CRE Price Growth Slips
U.S. commercial real estate prices slipped in December to the slowest annual growth rate since 2012, said Real Capital Analytics, New York.
RCA Analytics Manager Elizabeth Szep said the firm’s National All Property Index rose 6.2 percent from a year prior, down significantly from the 8.5 percent growth rate seen in early 2018.
“Monthly price gains also edged lower,” Szep said, noting prices rose just 0.3 percent in December compared to 0.5 percent on average for the first 11 months of the year.
Analyzing properties owned by real estate investment trusts, Green Street Advisors, Newport Beach, Calif., reported “modest” price growth for the year–and no growth in December.
The Green Street Commercial Property Price Index increased 2 percent during 2018, Green Street Advisors Managing Director Peter Rothemund said.
“Property appreciation was almost nonexistent in the second half of 2018 as most properties saw only slight changes in price,” Rothemund said.
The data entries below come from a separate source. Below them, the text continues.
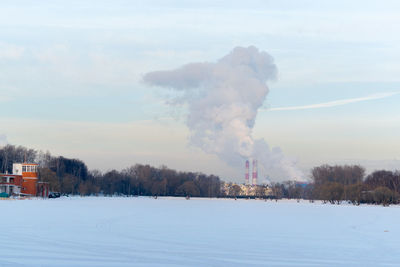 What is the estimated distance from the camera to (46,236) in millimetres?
27281

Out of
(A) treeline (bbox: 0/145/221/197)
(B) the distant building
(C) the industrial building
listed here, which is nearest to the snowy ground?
(B) the distant building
He noted one exception: manufactured home community prices rose more than 10 percent over the past six months. “On the other hand, mall values continued their downward slide,” he said.
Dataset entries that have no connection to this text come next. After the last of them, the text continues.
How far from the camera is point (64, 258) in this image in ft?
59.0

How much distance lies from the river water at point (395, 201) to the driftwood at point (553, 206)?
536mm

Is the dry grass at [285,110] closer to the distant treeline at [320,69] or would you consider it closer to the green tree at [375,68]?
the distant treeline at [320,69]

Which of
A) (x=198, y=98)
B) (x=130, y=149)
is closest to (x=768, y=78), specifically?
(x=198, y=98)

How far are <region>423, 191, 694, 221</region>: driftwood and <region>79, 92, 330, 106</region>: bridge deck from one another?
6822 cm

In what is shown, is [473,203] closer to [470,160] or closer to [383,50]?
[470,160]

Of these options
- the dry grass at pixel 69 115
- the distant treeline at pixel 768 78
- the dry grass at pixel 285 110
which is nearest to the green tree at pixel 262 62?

Szep said apartment assets saw the highest annual price growth among property types at 8.9 percent year-over-year, “albeit slowed from the double-digit pace set at the start of 2018,” she said. “Price increases in the apartment sector have been driven by gains in secondary and tertiary markets since 2016.”
Suburban office property price growth represented the year’s biggest surprise, Szep said. They registered year-end growth second only to apartments at 8.2 percent year-over-year, almost double the rate seen at year-end 2017.
Industrial properties also logged strong growth by increasing 7.9 percent for the year, RCA reported. “This comes as no surprise as investors continue to flock to the sector to buy their position in the national supply chain,” Szep said. “The volume of industrial property sales in 2018 was greater than any year since Real Capital Analytics began tracking property markets.”
Across property types, prices are now 26 percent above their peak prior to the Global Financial Crisis, Szep said. “However, when taking inflation into account, growth is more modest at 4 percent above those 2007 highs,” she said.
CoStar, Washington, D.C., called overall transaction activity “elevated” for the year. Composite pair volume reached $144.7 billion in 2018 despite moderating sale prices, up 10 percent from 2017, the research firm’s Commercial Repeat Sale Index said.
The lower end of the commercial property market had slightly more sales activity momentum than among higher-end assets, CoStar reported.